### WHAT IS NEEDED
Copy, word for word, the lines below from the one containing "Dumbo soft blue" up to and including the one containing "慵懒不失迷人剪个日本女生的空气刘海迎接夏天吧", with pictures left out.

### TASK INPUTS
::::::

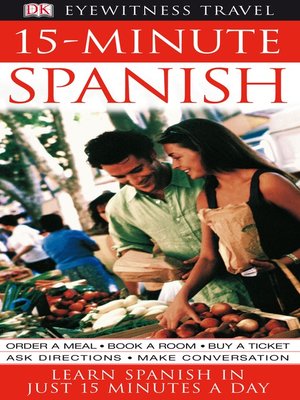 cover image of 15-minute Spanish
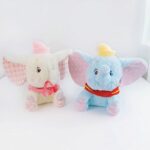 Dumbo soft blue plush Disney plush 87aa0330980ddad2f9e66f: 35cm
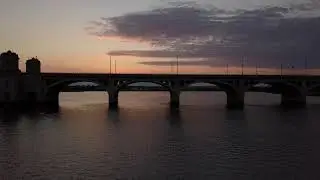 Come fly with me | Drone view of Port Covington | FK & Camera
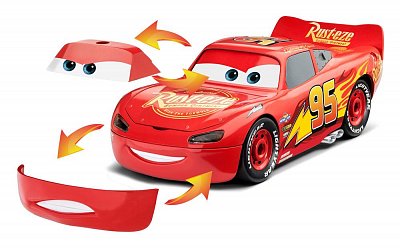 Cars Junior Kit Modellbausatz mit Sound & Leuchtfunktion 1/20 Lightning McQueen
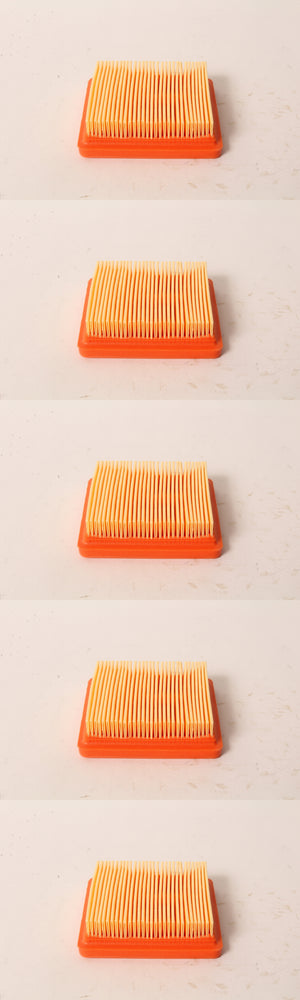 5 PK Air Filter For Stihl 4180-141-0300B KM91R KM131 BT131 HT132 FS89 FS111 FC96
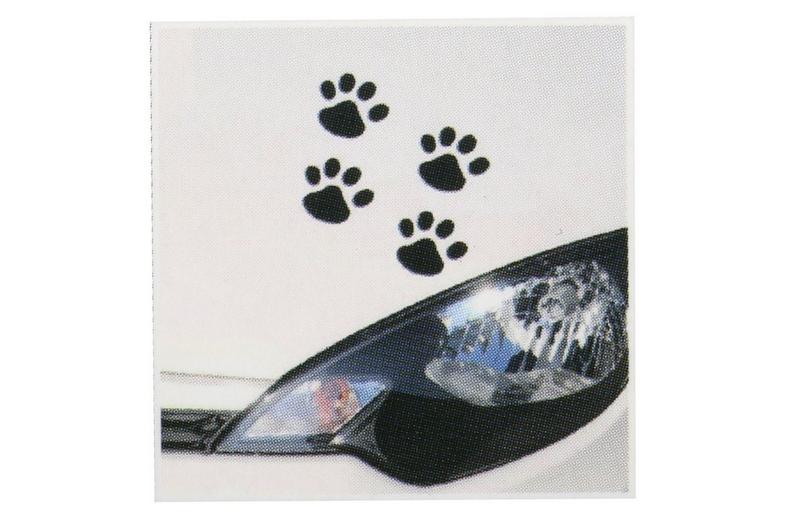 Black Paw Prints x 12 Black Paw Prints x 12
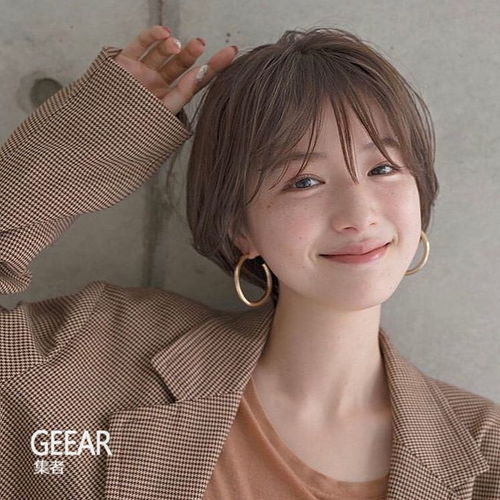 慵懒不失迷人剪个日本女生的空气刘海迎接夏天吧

::::::

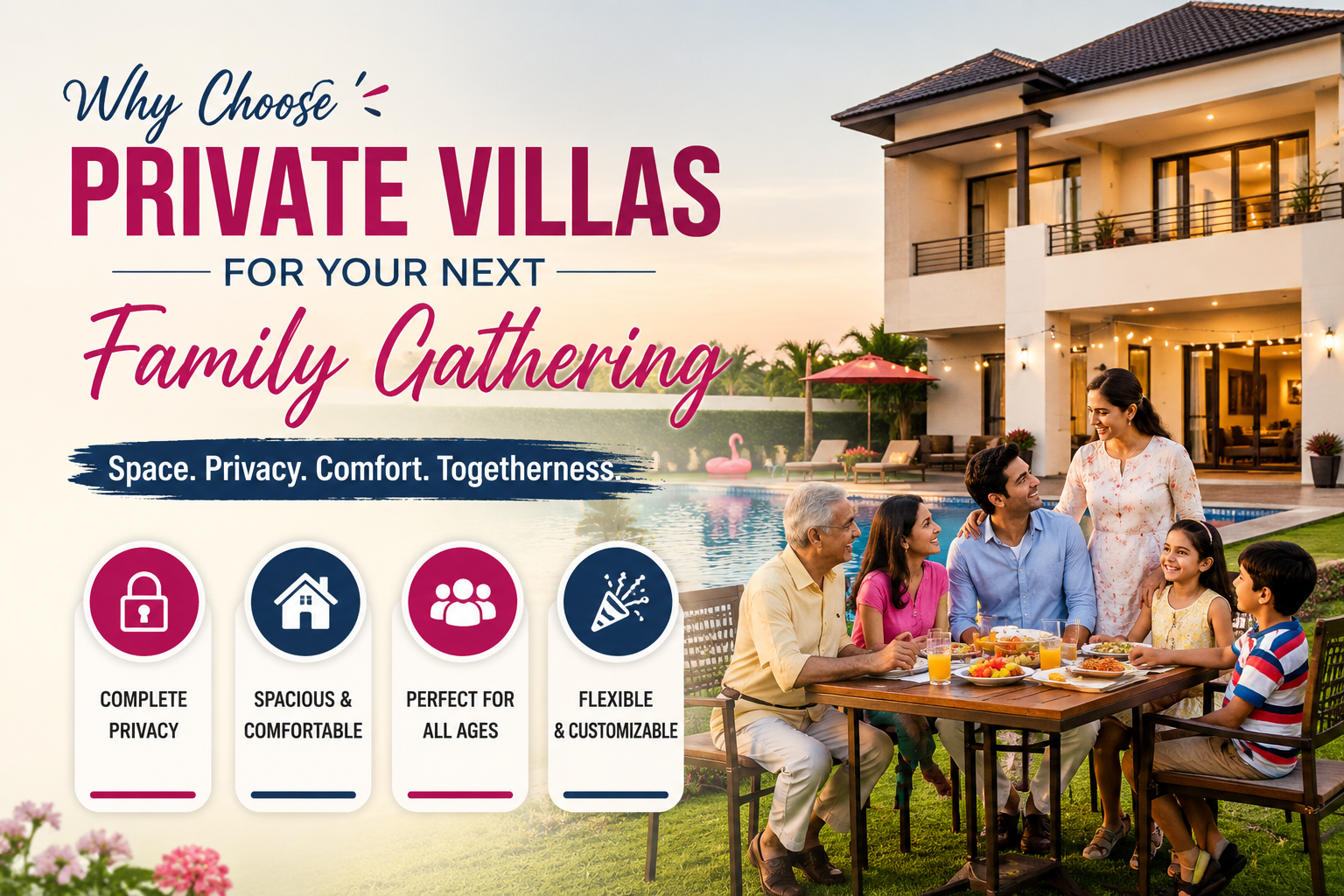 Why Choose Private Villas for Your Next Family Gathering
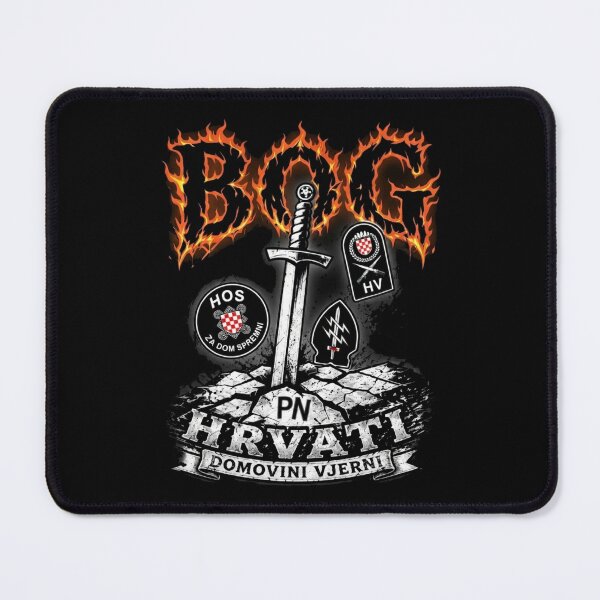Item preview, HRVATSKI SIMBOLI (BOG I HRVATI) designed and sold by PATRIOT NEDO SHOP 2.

::::::

### WRITTEN RESPONSE
 Dumbo soft blue plush Disney plush 87aa0330980ddad2f9e66f: 35cm
 Come fly with me | Drone view of Port Covington | FK & Camera
 Cars Junior Kit Modellbausatz mit Sound & Leuchtfunktion 1/20 Lightning McQueen
 5 PK Air Filter For Stihl 4180-141-0300B KM91R KM131 BT131 HT132 FS89 FS111 FC96
 Black Paw Prints x 12 Black Paw Prints x 12
 慵懒不失迷人剪个日本女生的空气刘海迎接夏天吧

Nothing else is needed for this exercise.